The Assembly also spent half a million dollars to rehabilitate about 60 rental units through United Way’s Landlord Housing Partnership. Once the program locates those units, they’ll be earmarked for people experiencing homelessness, said Burke, who assists in overseeing the program and previously served as the city’s homeless coordinator in the Berkowitz administration.
And demand is high: An extremely competitive rental market — especially for low-income and prospective renters who are experiencing homelessness — has pushed more families to the brink, Burke said.
Rob Marx, who oversees supportive housing efforts for the Rural Alaska Community Action Program, said people who want to camp or choose to do so are statistical outliers, and may face a lack of options. Most others, with the right support, are seeking a place to stay — but those units aren’t available.
“It’s not like all those people are waiting to get an apartment that exists. That, I think, that’s really the big part. There aren’t those apartments out there,” he said.
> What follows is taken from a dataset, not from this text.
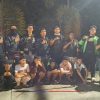 Tim Reaksi Cepat Berhasil Mengamankan 6 Geng Motor Bernama “Bus Crew” di Jalan Bustamam Medan Tembung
There are many reasons why people experiencing homelessness might also be wary of social services offering help, according to Marx. For example, many may have suffered trauma, may have experienced serious trauma while staying at a shelter previously or may have untreated mental illness and substance use issues.
“It’s always colored by the person’s personal experience and history experience with the social services, you know, homeless social service agencies in town,” Marx said.
While movement through the city’s shelters and homelessness response system is slow, it is happening, said Capt. Denise Delgado, the Salvation Army’s social services director in Anchorage.
Each day, shelter bed availability fluctuates as individuals and families leave or go into housing.
“So they may not have capacity today, but tomorrow is a different story. And so it’s really working within the system that’s already here and plugging people that are here into that system,” Delgado said.
At Centennial, the Salvation Army has been coordinating client services, surveying the unsheltered people living there and connecting them to services. So far, it has moved more than 34 people out of the campground, Delgado said.
Still, others move in and fill up the open spots in the campground, she said.
“There’s an inflow and outflow there. And that’s part of the success and also the challenge,” said Braniff, with Parks and Rec.
Braniff said Friday that about 200 people are camping at Centennial, give or take.
For people at Centennial and others experiencing unsheltered homelessness, the obstacles to getting into already-scarce services or housing and into the workforce are numerous. People need access to phones, transportation and help to acquire identification, paperwork, health care and much more. Many have mental health issues, suffer substance use disorders or trauma, and face difficult economic barriers.
“With homelessness, it would have been fixed right now if it was easy, right?” Delgado said. “So it’s multifaceted. It’s layered. It’s a number of things.”